May 11, 2010
Sweet potatoes make everything better. And orange.
I snagged this recipe out of a magazine before bothering to read the ingredient list. The title said it all.
It’s slightly sweet in a what-is-that-in-a-good-way sorta way. Think roasted red pepper hummus. But better. And crazy good for you. This totally opens a zillion doors. Next up, peas! And beets! And turnips, oh my! You know you’re a vegetable addict when…
Sweet Potato Hummus(Adapted from Body+Soul)
- 1 lb sweet potatoes (about 2 medium), peeled and cubed
- 1 19-oz can chickpeas, drained and rinsed
- 1/4 cup fresh lemon juice
- 1/4 cup tahini
- 2 T olive oil
- 1 garlic clove, chopped
- 2 tsp ground cumin
- kosher salt and black pepper
Set a steamer basket in a large pot. Fill with enough water to come just below basket and bring to a boil. Add potatoes, reduce to a simmer, cover and cook until tender, 10 to 12 minutes. Transfer to a food processor and puree.

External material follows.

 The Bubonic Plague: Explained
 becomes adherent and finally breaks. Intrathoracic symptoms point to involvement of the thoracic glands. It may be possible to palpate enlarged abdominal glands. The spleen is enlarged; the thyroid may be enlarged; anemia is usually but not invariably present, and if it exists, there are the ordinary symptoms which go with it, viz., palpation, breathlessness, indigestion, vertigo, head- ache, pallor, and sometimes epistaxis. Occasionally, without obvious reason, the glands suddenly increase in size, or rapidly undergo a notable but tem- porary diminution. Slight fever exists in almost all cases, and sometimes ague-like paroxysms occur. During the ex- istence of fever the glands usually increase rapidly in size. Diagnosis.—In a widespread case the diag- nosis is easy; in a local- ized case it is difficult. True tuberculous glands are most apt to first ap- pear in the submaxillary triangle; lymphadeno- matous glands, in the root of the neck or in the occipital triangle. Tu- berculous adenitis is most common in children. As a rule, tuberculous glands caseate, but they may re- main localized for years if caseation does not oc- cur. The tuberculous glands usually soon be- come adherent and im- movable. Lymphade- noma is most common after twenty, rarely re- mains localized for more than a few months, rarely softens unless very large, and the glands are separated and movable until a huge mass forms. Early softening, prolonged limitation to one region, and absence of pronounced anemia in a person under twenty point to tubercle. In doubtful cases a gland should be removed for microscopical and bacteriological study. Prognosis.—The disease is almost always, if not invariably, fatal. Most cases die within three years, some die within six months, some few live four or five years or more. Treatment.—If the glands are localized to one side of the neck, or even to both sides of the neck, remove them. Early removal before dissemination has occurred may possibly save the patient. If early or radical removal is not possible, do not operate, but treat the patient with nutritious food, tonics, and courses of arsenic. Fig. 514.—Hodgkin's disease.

To the sweet potatoes add the chickpeas, lemon juice, tahini, oil, garlic, and cumin. Puree, about 1 minute; thin with water if necessary (I added about 1/2 cup). Season with kosher salt (I added 3/4 tsp) and pepper (I added 1/4 tsp) and let cool. Refrigerate in an airtight container for up to 1 week. Serve with pita and crudites.